Even as Judiciary panel spars over Supreme Court vacancy, signs of civility
The Senate Judiciary Committee is ground zero for many of America’s most controversial issues – which is exactly why respect is so important, say some lawmakers.
J. Scott Applewhite/AP
Republican Sen. Orrin Hatch looked away from his prepared remarks. “Mr. Chairman,” he said Thursday, addressing Sen. Charles Grassley, the GOP leader of the Senate Judiciary Committee. “I’m really concerned about this, because it seems to me, this is a presidential election mess.”
He was talking about the highly contentious issue of filling a US Supreme Court vacancy in a presidential election year. “I’ve never seen the country more at odds, more on edge about a presidential nomination process,” the senator from Utah went on. Given those circumstances, he concluded, Republicans have “every right” to wait on filling the vacancy left by the death of conservative Justice Antonin Scalia last month.
Then it was Democrat Sen. Dianne Feinstein’s turn. She pushed the button on her microphone. Somberly, the Californian turned to Chairman Grassley – who has been under scathing criticism from Democrats for refusing to even hold a hearing on a nominee. In a senatorial tone, she expressed her “great respect” for him “and for most of my colleagues on the other side.”
A bipartisan chuckle rippled among the senatorial aides, and turned into an outburst of laughter among the senators, including the Republican chairman from Iowa. Everyone had picked up on the “most” qualifier that signaled the partisan reality – but also civility – that characterizes one of the Senate’s most contentious committees.
Let it not be said that the Judiciary Committee’s senators can’t laugh or work together, even in the most difficult times. On the same day that they lined up their arguments for and against dealing with a Supreme Court nominee, they also joined their colleagues in a 94-to-1 vote to approve a bill to help states combat opioid and heroin abuse.
The bill had passed out of Judiciary unanimously on Feb. 11 – one of 21 that have cleared the committee with bipartisan support so far this session.
Indeed, despite the deep division over the nomination, Democrats and Republicans on the committee are still working to get a bipartisan criminal-justice reform bill to the floor for a vote.
“We get a lot of things done that people don’t know about,” said Senator Hatch in an interview after the committee’s meeting – its first full debate on the nomination issue since Justice Scalia’s death and the announcement that Senate Republicans would not take up a nominee until the next president is in power.

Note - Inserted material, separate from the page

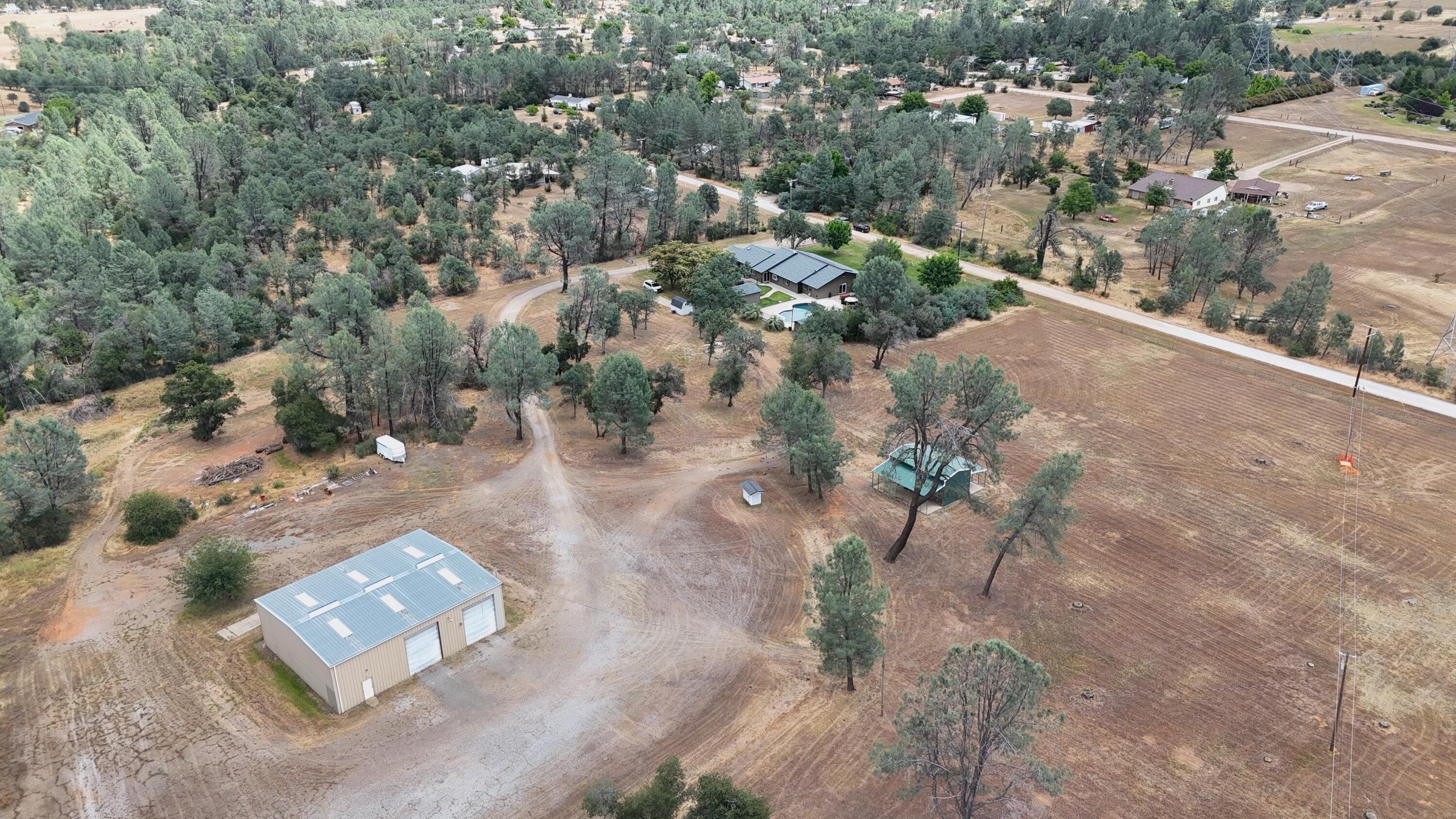 17536 Oly Way Anderson, CA 96007 - Photo 50 of 51 an aerial view of a house with a yard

Given the intensity of the politics surrounding the debate, one might have expected some table pounding or at least very heated exchanges at Thursday’s meeting – which was packed to the point of overflow in anticipation of fireworks. It was, instead, a largely respectful, sometimes humorous, exchange. The senators voiced sharply different views, but they listened to one another and mostly stuck around for the debate.
“What we’re trying to do is hold out the hope that cooler heads will prevail on the Republican side,” said minority whip Sen. Richard Durbin (D) of Illinois, in an interview. “I believe that public sentiment favors a hearing and a vote. And I believe that Senator Grassley, for example, is going to hear it back home. There may come a moment when they decide to try a different approach, so we tried to set the stage for that to happen.”
Not a chance, Grassley said during the meeting.
The Senate Judiciary Committee is ground zero for many of America’s most controversial issues. Abortion, crime, pornography, school prayer, civil rights – all have crashed like “waves” upon its paneled walls, as one senator put it. As Hatch said, “the committee is built to argue.”
Which is exactly why respect is so important, say Hatch and others.
“There is a recognition on the part of all of the leaders of the committee that civility is especially critical when dealing with issues like this,” says Mark Gitenstein, an attorney in Washington who served as chief counsel to the Judiciary Committee for the Democratic majority under then-chairman Joe Biden.
Mr. Gitenstein had a front seat at President Reagan’s nomination of conservative Robert Bork for the Supreme Court – who crashed and burned under withering fire from Democrats. Yet Gitenstein calls Grassley a “statesman” who recognizes that an agreement to disagree is crucial to making the Senate function.
But that doesn’t take one jot away from the serious nature of the nomination clash itself, which Gitenstein calls “the continuation of a 30-year war over the Supreme Court.”
Beneath the senators’ mostly calm citations of the Constitution and history, of judicial precedent and public consequences of a long vacancy, rhetorical fingers are pointed like missiles at the other side, with Republicans blaming Democrats and vice versa.
Sen. Lindsey Graham (R) of South Carolina said that they are setting a precedent for the last year of a president’s second term – and perhaps even the fourth year – to be off limits for future nominations to the highest court in the land.